Votre rapporteure rappelle enfin que la priorité en ce qui concerne les zones humides modifiées est leur restauration, selon le principe de non-régression et les objectifs et obligations du règlement (UE) 2024/1991 du Parlement européen et du Conseil du 24 juin 2024 relatif à la restauration de la nature et modifiant le règlement (UE) 2022/869. L’article 11 de ce dernier fixe notamment l’objectif de restauration de 30 % des surfaces de sols organiques agricoles constitués de tourbières drainées d’ici 2030, dont un quart doit être remis en eau. Par ailleurs, la DCE fixe en son article 1er l’objectif de prévenir toute dégradation supplémentaire des zones humides. L’article 5 de cette proposition de loi augmenterait ainsi les risques de contentieux avec le droit de l’Union Européenne. La dégradation des zones humides est également contraire à la Stratégie Nationale Biodiversité 2030 dont l’axe 2 « Restaurer la biodiversité dégradée partout où c’est possible » prévoit de restaurer 50 000 ha de zones humides. Les zones humides modifiées sont un potentiel de restauration pour l’atténuation et l’adaptation au changement climatique, ainsi que la préservation de la biodiversité et de notre ressource en eau.
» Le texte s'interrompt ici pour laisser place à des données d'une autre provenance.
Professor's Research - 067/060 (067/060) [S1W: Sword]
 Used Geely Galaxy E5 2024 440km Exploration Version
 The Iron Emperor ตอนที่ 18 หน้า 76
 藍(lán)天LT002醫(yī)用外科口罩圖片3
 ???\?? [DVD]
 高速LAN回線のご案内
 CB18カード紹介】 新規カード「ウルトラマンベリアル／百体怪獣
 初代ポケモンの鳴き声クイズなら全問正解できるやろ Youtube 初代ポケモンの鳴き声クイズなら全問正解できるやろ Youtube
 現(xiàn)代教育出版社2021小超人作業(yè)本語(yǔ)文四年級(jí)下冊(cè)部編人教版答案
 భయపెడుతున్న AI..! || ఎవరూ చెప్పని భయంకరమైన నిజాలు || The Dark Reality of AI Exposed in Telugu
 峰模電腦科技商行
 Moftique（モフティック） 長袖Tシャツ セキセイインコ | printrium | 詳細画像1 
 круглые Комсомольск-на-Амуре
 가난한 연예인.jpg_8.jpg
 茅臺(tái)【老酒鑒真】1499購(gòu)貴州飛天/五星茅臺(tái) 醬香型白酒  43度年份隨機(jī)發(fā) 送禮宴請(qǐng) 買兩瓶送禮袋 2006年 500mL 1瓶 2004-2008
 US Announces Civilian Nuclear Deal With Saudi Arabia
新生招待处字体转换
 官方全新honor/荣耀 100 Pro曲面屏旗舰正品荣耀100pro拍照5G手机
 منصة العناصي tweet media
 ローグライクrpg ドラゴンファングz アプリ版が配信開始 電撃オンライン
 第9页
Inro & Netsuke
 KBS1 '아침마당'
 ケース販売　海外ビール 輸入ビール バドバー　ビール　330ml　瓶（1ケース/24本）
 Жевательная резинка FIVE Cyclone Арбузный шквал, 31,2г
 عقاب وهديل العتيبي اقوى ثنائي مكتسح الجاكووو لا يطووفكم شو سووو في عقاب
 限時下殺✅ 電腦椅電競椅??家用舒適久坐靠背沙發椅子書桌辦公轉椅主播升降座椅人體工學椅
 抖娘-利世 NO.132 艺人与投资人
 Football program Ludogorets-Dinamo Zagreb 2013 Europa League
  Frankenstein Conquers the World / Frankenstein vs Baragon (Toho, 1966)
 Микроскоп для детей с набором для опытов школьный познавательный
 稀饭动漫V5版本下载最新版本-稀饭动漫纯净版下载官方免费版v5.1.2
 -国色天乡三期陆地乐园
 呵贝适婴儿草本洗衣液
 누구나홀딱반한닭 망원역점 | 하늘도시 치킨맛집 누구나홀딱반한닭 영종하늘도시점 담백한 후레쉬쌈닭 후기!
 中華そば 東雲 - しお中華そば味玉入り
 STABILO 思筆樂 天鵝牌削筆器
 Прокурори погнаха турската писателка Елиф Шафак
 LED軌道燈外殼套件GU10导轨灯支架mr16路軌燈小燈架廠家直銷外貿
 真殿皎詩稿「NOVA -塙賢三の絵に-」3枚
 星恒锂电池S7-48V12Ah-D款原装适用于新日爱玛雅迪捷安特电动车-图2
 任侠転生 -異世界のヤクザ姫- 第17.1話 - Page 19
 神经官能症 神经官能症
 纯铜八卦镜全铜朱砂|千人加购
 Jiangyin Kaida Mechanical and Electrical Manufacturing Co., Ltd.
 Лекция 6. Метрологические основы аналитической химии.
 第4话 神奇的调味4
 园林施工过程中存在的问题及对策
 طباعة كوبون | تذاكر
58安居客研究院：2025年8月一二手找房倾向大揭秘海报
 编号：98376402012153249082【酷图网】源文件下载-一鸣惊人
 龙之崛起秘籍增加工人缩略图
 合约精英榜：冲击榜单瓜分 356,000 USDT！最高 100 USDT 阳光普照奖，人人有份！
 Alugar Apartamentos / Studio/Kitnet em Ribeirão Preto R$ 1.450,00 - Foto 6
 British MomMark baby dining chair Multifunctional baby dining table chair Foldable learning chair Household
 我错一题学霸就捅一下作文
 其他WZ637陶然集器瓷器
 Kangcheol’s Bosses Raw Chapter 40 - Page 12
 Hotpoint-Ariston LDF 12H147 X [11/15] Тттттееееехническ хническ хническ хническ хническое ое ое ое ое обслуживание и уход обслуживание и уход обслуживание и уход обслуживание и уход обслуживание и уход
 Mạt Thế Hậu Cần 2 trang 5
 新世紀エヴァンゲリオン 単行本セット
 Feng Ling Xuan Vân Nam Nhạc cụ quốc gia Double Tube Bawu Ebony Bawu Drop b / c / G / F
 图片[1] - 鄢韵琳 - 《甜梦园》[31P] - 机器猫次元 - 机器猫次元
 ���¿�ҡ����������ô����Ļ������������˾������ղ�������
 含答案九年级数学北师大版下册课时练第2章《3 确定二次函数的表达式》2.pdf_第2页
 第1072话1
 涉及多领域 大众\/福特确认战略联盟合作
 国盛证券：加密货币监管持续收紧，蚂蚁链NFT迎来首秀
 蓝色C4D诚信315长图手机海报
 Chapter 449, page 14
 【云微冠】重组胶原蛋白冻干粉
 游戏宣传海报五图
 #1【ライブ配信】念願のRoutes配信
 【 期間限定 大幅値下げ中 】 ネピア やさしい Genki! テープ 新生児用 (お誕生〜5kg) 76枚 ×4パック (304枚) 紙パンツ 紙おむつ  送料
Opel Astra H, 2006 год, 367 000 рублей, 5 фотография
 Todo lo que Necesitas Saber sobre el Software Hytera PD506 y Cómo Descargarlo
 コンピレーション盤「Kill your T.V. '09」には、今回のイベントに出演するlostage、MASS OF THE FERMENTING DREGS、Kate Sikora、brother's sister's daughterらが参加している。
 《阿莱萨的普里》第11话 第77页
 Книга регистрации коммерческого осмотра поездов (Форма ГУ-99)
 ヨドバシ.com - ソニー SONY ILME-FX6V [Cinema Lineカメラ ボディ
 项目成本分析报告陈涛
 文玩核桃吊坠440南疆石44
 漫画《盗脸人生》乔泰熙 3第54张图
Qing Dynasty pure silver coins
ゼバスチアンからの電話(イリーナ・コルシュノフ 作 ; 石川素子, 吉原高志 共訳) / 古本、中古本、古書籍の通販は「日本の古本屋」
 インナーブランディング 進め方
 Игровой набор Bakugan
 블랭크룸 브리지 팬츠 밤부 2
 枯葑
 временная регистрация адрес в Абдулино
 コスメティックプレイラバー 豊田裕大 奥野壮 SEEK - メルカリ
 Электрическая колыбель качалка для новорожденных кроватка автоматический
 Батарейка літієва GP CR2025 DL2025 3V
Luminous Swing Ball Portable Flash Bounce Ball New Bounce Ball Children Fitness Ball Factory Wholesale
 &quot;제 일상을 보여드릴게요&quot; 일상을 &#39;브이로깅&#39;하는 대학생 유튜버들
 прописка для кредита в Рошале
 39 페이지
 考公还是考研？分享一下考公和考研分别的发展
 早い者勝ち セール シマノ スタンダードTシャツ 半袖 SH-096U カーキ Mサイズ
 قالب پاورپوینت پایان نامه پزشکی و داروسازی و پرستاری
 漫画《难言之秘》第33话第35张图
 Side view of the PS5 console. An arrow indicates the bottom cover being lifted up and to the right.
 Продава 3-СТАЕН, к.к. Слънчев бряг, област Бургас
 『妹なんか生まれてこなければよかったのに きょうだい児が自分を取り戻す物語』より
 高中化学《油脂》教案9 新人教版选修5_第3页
Enfin, votre rapporteure souligne que l’article ainsi rédigé inscrirait dans une fausse opposition l’agriculture et la préservation des zones humides. D’une part, les zones humides fournissent des services essentiels à la production agricole, telles que le stockage de l’eau et l’abreuvement des bêtes dans les prairies humides. Les récents épisodes d’inondations dans le nord de la France rappellent l’importance fondamentale des zones humides pour diminuer les effets des évènements extrêmes et réduire les dégâts et les pertes agricoles. D’autre part, les pratiques agricoles compatibles avec le maintien des zones humides existent, qu’il s’agisse du pâturage extensif comme d’agriculture vivrière.